Il documento sottolinea il ruolo centrale dell’agricoltura nel territorio irpino, riconosciuta non solo come settore produttivo, ma anche come presidio economico, sociale, ambientale e culturale. Gli agricoltori evidenziano tuttavia le numerose criticità che il comparto continua ad affrontare: l’aumento dei costi di produzione, la crisi di diverse colture, i danni causati dalla fauna selvatica, le difficoltà legate ai cambiamenti climatici, la riduzione della redditività delle aziende agricole e la mancanza di luoghi stabili di confronto e rappresentanza.
Tra le richieste avanzate dal Comitato figurano tre punti principali: l’istituzione di una Consulta Agricola Comunale presso il Comune di Avellino come tavolo permanente di ascolto e confronto; la concessione di uno spazio comunale in comodato d’uso gratuito da destinare a punto di riferimento per gli agricoltori della Media Valle del Sabato; e la promozione di eventi agricoli nel centro della città di Avellino, con fiere, mercatini, esposizioni e iniziative dedicate ai prodotti tipici e alle eccellenze locali, anche attraverso il coinvolgimento di strade e aree urbane come Viale Italia e Piazza Kennedy, con l’obiettivo di favorire la rivitalizzazione e la maggiore fruizione di queste zone cittadine.
Nel corso del confronto, la candidata sindaca ha espresso apertura alle proposte, sottolineando come nel programma siano già previsti tavoli permanenti di confronto e dichiarando il proprio sostegno all’istituzione della Consulta Agricola.

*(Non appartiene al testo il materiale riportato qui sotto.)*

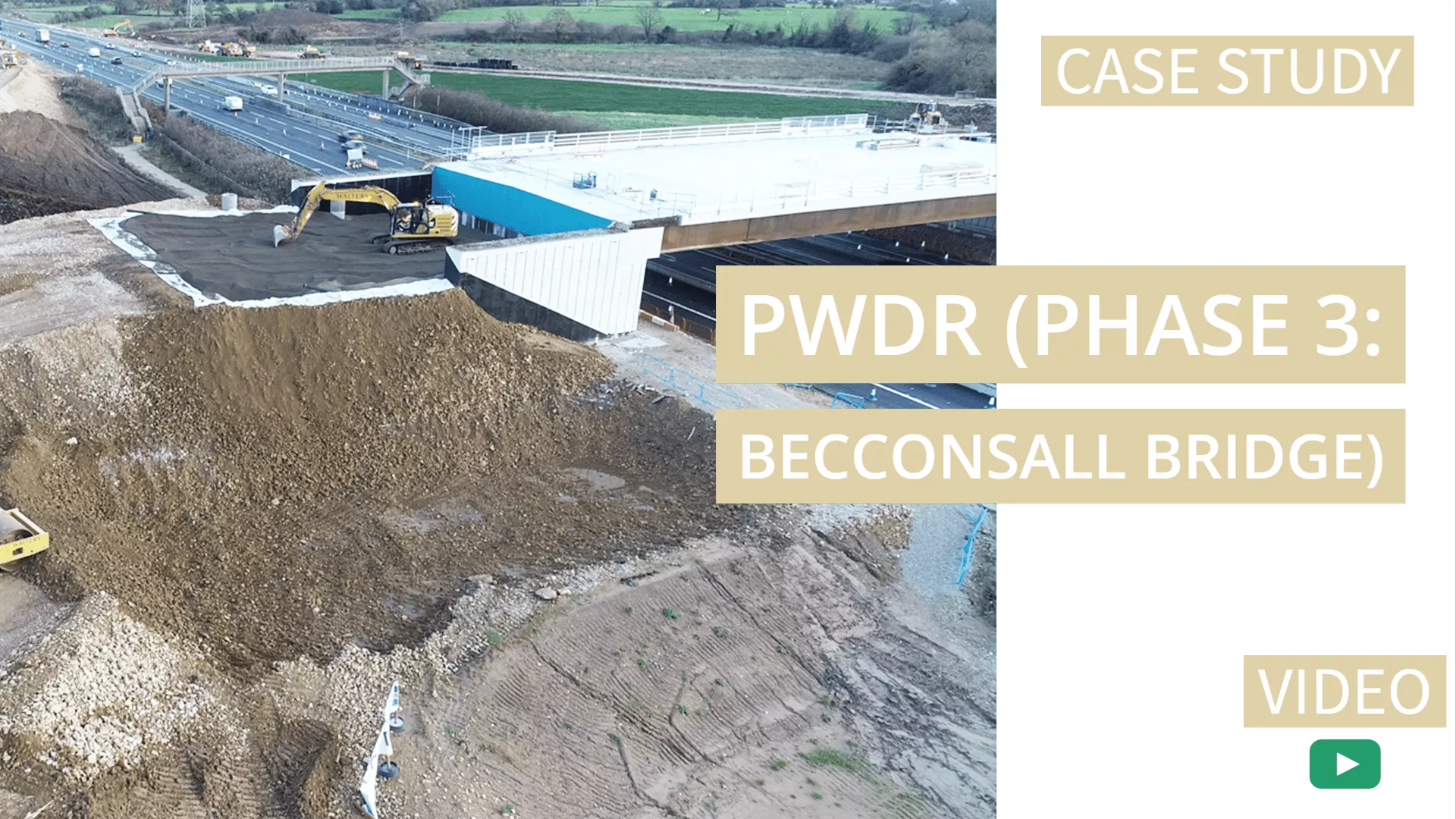 PWDR Phase 3: Becconsall Bridge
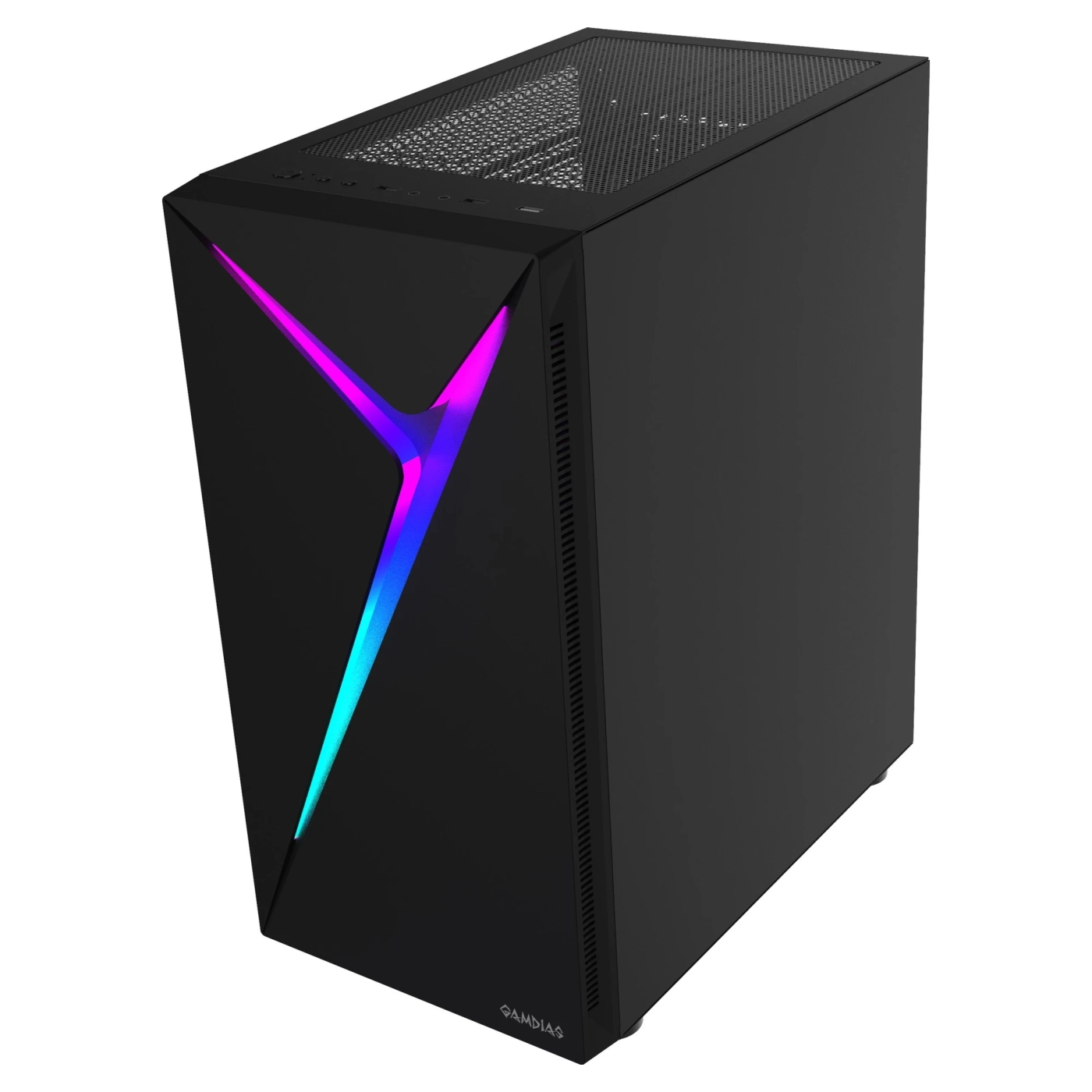 Купити Корпус GAMDIAS ARGUS E4 Elite Mid-Tower PC Case - фото 3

Ha ribadito la volontà di valorizzare il comparto agricolo e di rafforzare il legame con il territorio, evidenziando anche l’importanza di un ritorno alle radici e all’identità agricola locale, con particolare attenzione al coinvolgimento delle nuove generazioni. Nargi ha inoltre ricordato interventi già messi in campo, tra cui l’ordinanza relativa alla gestione delle sterpaglie, – adottata due volte a settimana – come segnale di attenzione concreta verso le esigenze del mondo agricolo. Tra le ulteriori proposte emerse, è stata condivisa l’idea di individuare una sede stabile per gli agricoltori, anche in forma rappresentativa e “iconica”, e di sviluppare progetti di agricoltura sociale come gli orti urbani e gli orti condivisi, anche in collaborazione con le scuole. È stata inoltre ribadita la volontà di promuovere eventi agricoli e iniziative con animali, oltre al potenziamento di fiere, mercati rionali e manifestazioni diffuse sul territorio.